The invention is further configured to: adding a cross-linking agent into the antibacterial finishing agent, applying the cross-linking agent to the base cloth by a dipping method, and drying the base cloth dipped with the antibacterial finishing agent to obtain the fabric dipped with the antibacterial finishing agent, wherein the mass ratio of the base cloth to the antibacterial finishing agent is 100: 4-8.

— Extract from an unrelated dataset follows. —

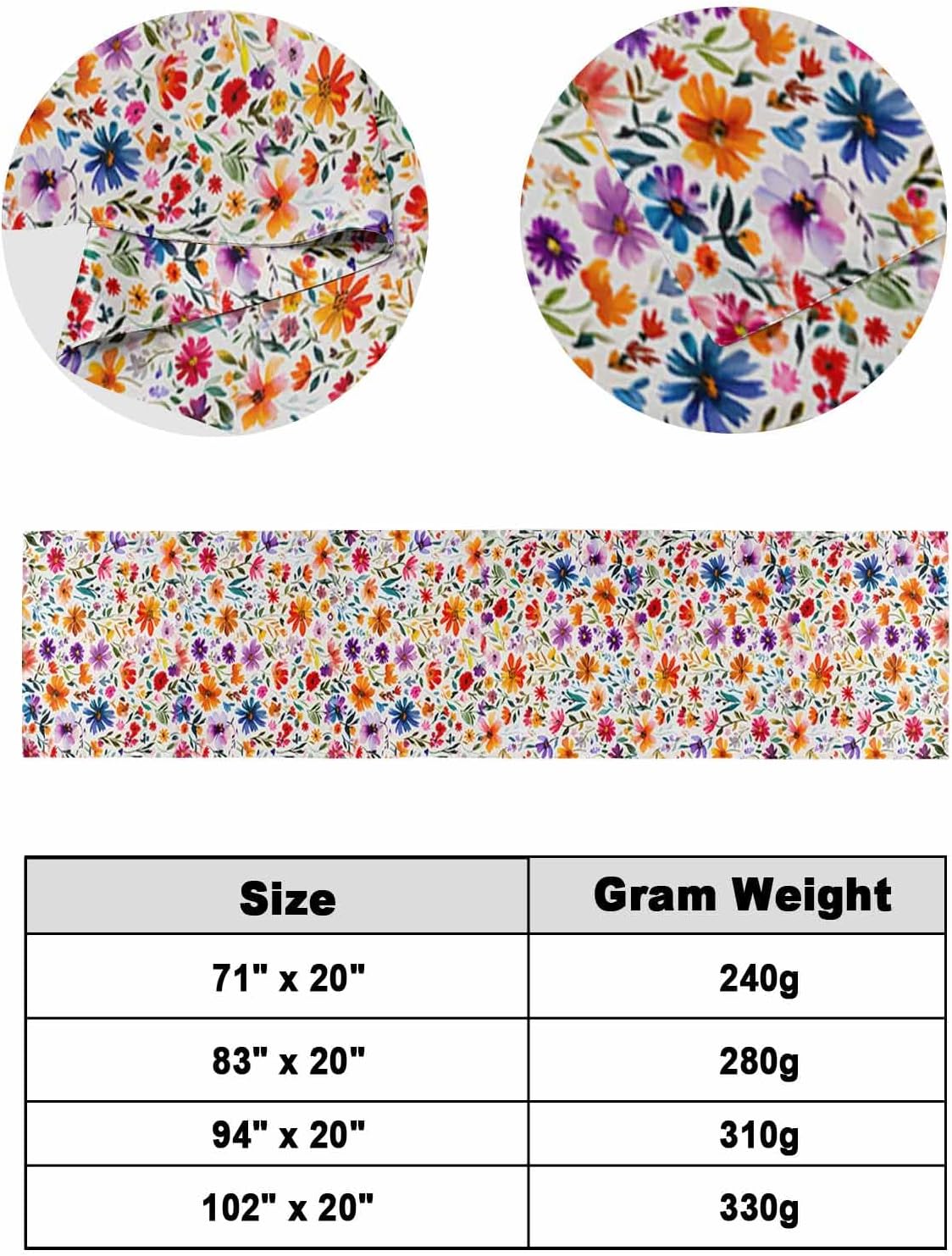Watercolor Farmhouse Wildflower Bed Runners&Scarves 94"x20" Decorative Bedding Scarf Pastoral Colorful Flower Luxury Bed Runner Protector Decorations for Bedroom Hotel Wedding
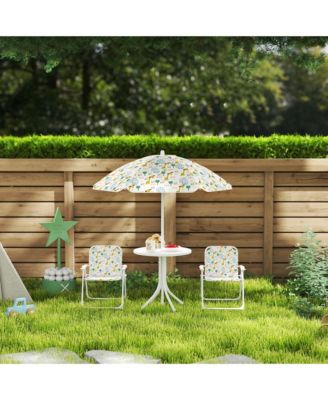 Kids Picnic Table and Chair Set, Activity Table with Chairs, Umbrella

By adopting the technical scheme, the cross-linking agent is added into the antibacterial finishing agent, the mass ratio of the base cloth to the antibacterial finishing agent is kept at 100:4-8 in a padding mode, and the dried base cloth has good antibacterial capability.

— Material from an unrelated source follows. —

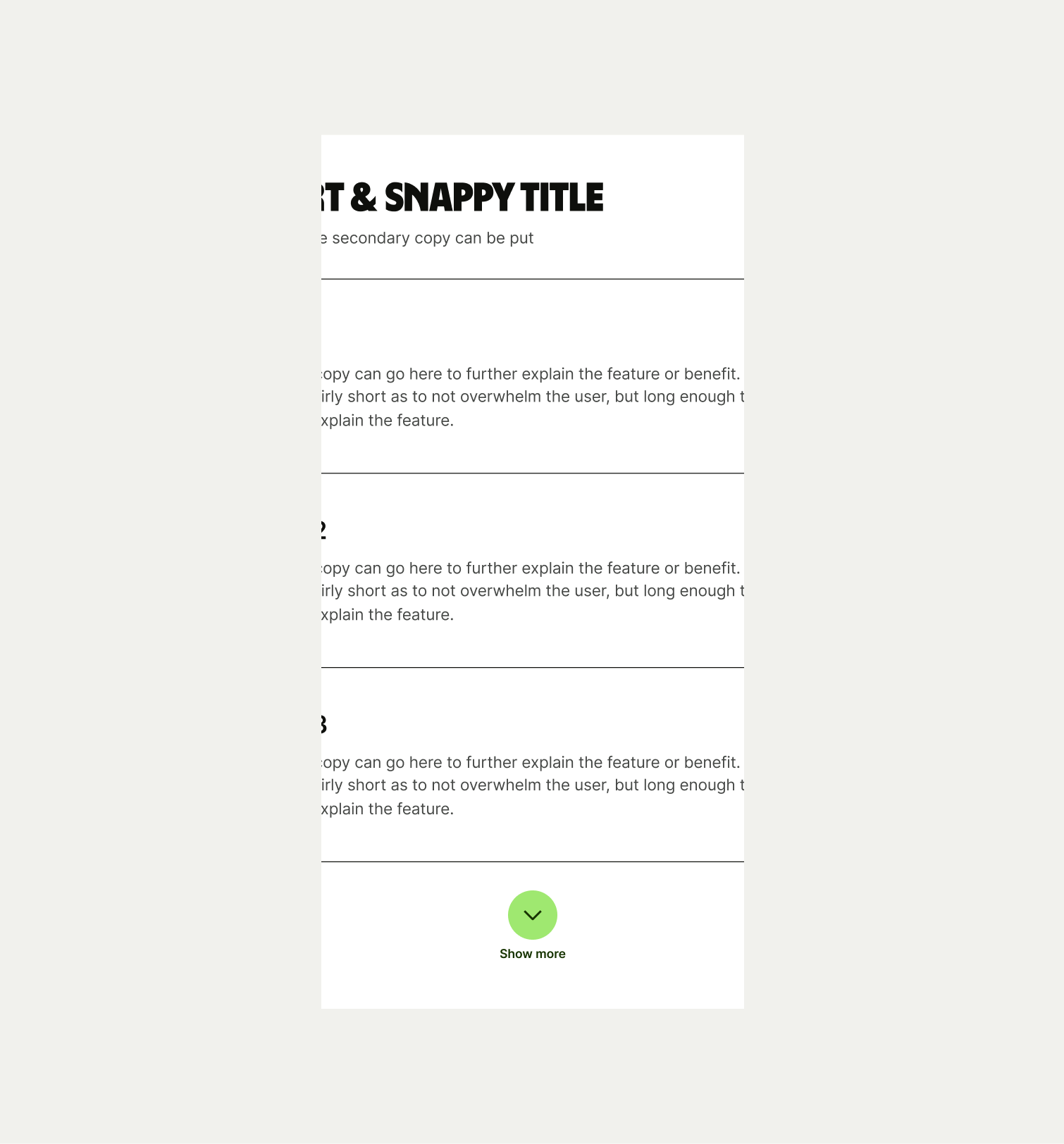 Text Stack pattern on tablet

The invention is further configured to: the specific steps of applying the antibacterial finishing agent to the grey cloth by a dipping method are as follows:

dissolving, namely firstly adding water into a dissolving cylinder, then sequentially adding active nano zinc oxide, tetradecyl dimethyl benzyl ammonium chloride, dimethyl benzyl ammonium chloride and dimethyl diallyl ammonium chloride, and uniformly stirring to obtain an immersion liquid, wherein the pH value of the immersion liquid is 6-7;

soaking, namely putting the base cloth into a material dissolving cylinder, maintaining the soaking liquid at 20-30 ℃, and standing the base cloth for 30-40 min;

soaking at constant temperature, namely putting the soaking liquid and the base cloth into a soaking groove, soaking for two times, and soaking at a mangle ratio of 70-80%;

and (2) drying and tentering, namely drying the base cloth soaked and pricked at the constant temperature at the temperature of 80-110 ℃ through a dryer to obtain the fabric soaked and pricked with the collagen finishing agent and the antibacterial finishing agent, and then passing through a high-temperature setting machine or steam setting equipment at the temperature of 120-150 ℃ at the advancing speed of 20-30M/min.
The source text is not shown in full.